Fidelity Investments has launched a wrap account service that allows banks to choose from hundreds of mutual funds.
Through its clearing arm, National Financial Services Corp., Fidelity introduced Fund Counselor, which offers a menu of 370 Fidelity and non- Fidelity no-load funds in addition to the portfolios a bank manages.
Banks that offer wrap account services typically include the offerings of two fund families - their own and one with a lot of name recognition.
But investors are demanding far more choices than is typically available, said Robert Middleton, vice president, correspondent services at National Financial.
Mr. Middleton said few companies can perform the complex management and record-keeping services for a multitude of different wrap account programs.
So Boston-based Fidelity has hooked up with Portfolio Management Consultants, a Denver-based company that will help National Financial customize and manage each wrap account for every bank.
National Financial charges customers 0.03% of assets under management. Portfolio Management gets 0.25% to 0.50% of assets under management, Mr. Middleton said.
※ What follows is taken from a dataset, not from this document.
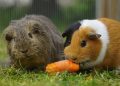 Marmots vs Hamsters: 8 Key Differences Pet Owners Should Know
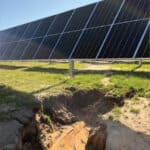 IMPA Solar Park Revegetation Gallery 1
Wrap accounts are designed for investors willing to make a high initial investment and pay a hefty fee to get professionals to manage their portfolio on a daily basis.
Wrap accounts are gaining in popularity among investors who prefer giving brokers a standard fee instead of the traditional commission for every transaction. Wrap accounts currently manage $17 billion in assets, up from $12.2 billion at the end of 1994, according to consulting firm Cerulli & Associates.
National Financial has more than 80 bank broker-dealer clients, more than any other clearing firm. Earlier this year the company introduced a similar service called Symphony, but like many other wrap account services it limited the number of funds a bank could offer customers.
Some small banks without their own funds offer Symphony, but the banks that manage their own portfolios don't want to give away all their customers' assets to Fidelity.
"If a bank's funds aren't in the wrap account, then the bank's heart won't be in it," Mr. Middleton said.
But banks have limited their fund offerings in part because few firms are willing to manage and perform back-office functions for such complicated programs.
The company managing the wrap account has to rebalance each investor's portfolio when markets change. It then has to generate quarterly performance reports for each customer and bill them accurately.
Mary McAvity, a consultant at Cerulli Associates, isn't convinced that banks want to complicate their current wrap-fee offerings. She said record- keeping snafus could drive away customers.
"When you start using many fund families and many different portfolios and hundreds of clients buying and selling these things, it's an operational nightmare," Ms. McAvity said.